SPÖ-Frauen für rasche Maßnahmen gegen die Teuerung
BEZIRK AMSTETTEN. Am Rande der Sitzung der SPÖ-Bezirksfrauen machten die Amstettner SPÖ Frauen klar, dass es rasche und umfassende Maßnahmen gegen die Teuerung brauche. Aufgrund der aktuellen Inflation und der Teuerung in Bereichen des täglichen Lebens seien die Handlungen der Bundesregierung nicht ausreichend.

„Es müssen jetzt rasche Maßnahmen zur Entlastung der Menschen in Österreich gesetzt werden, denn die Rekord-Inflation trifft alle gesellschaftlichen Schichten. Von Arbeitnehmern, über Unternehmer bis hin zu den Pensionisten sind alle gleichsam betroffen“, sagt SPÖ-Frauenvorsitzende Regina Öllinger und meint weiter: „In Amstetten konnten in diesem Bereich, dank des Einsatzes der SPÖ, bereits Maßnahmen gesetzt werden. So wurde die Erhöhung der Richtwertmieten ausgesetzt und der Heizkostenzuschuss deutlich erhöht“.
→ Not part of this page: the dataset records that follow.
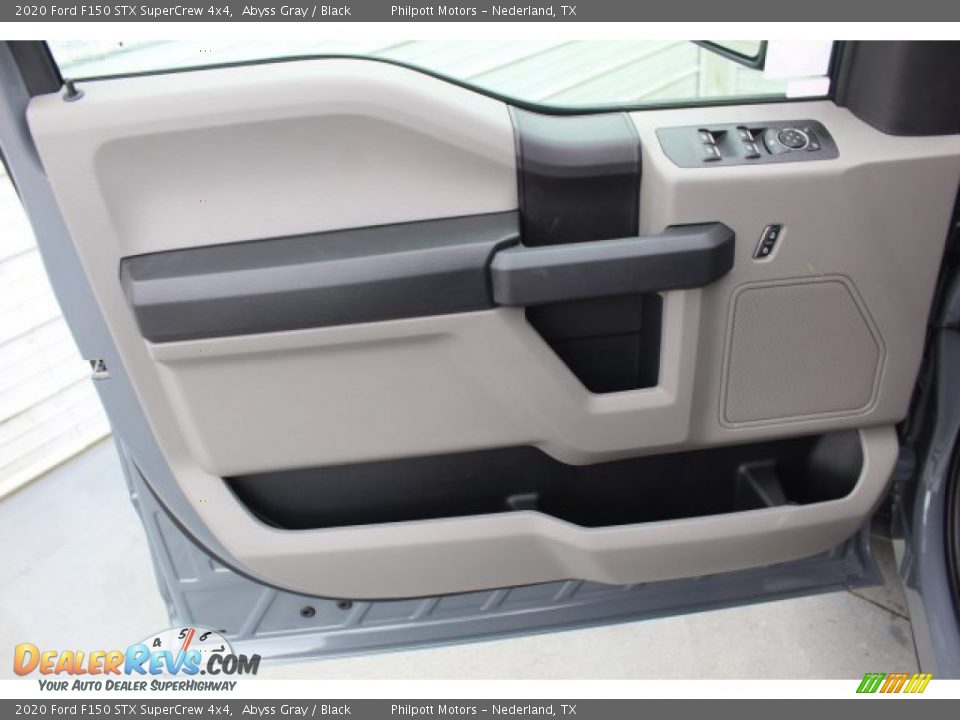 2020 Ford F150 STX SuperCrew 4x4 Abyss Gray / Black Photo #9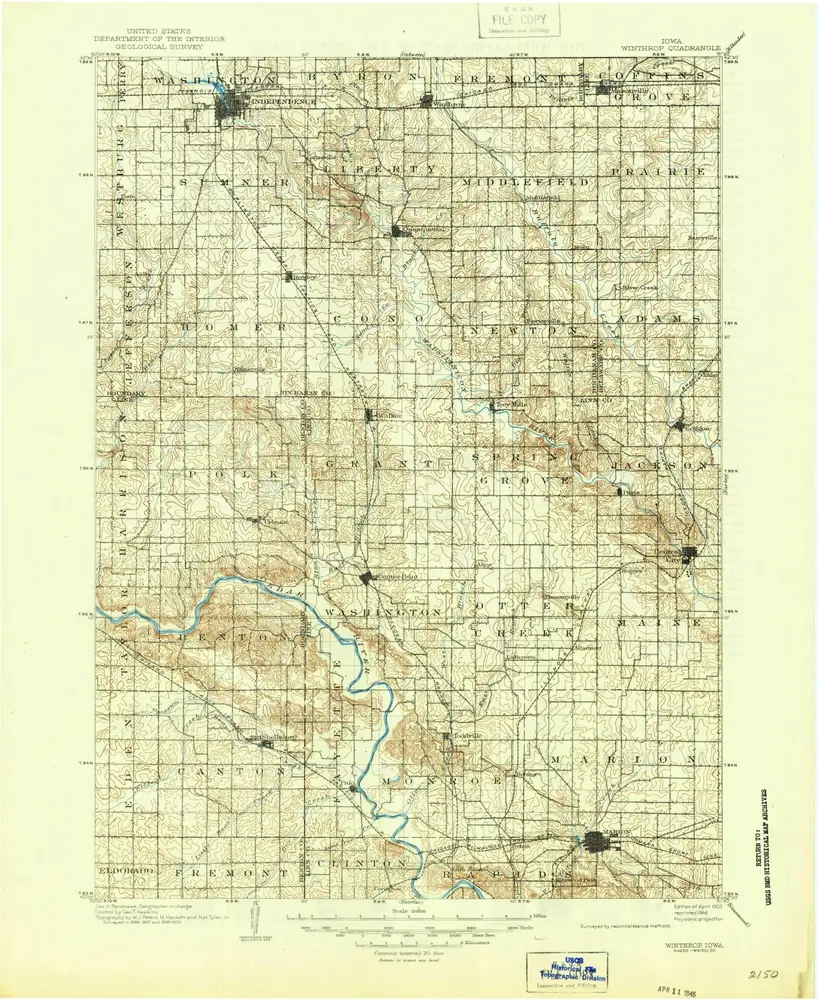 Anteprima della vecchia mappa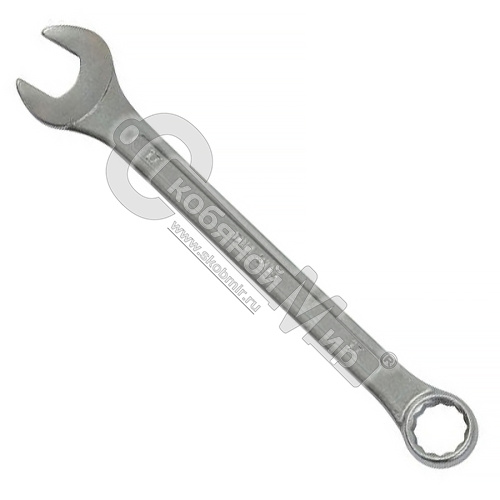 Ключ комбинированный 15 мм "Хард", хромированное покрытие,  150425 / 63145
Unterstützung für Rendi-Wagner
Zur Abfederung der Kostenexplosion unterstützen die SPÖ-Frauen das Maßnahmenpaket der SPÖ-Vorsitzenden Pamela Rendi-Wagner. Konkret brauche es eine steuerliche Entlastung von Arbeit, „wobei die ersten 1.700 Euro aus Arbeitseinkommen steuerfrei sind, sowie eine Pensionserhöhung in Höhe der Inflation und eine Erhöhung des Arbeitslosengelds auf 70 Prozent“. Im Energiebereich sei zudem klar, dass man „massive Investitionen in Erneuerbare Energien tätigen und Spekulation in diesem Bereich unterbinden müsse“.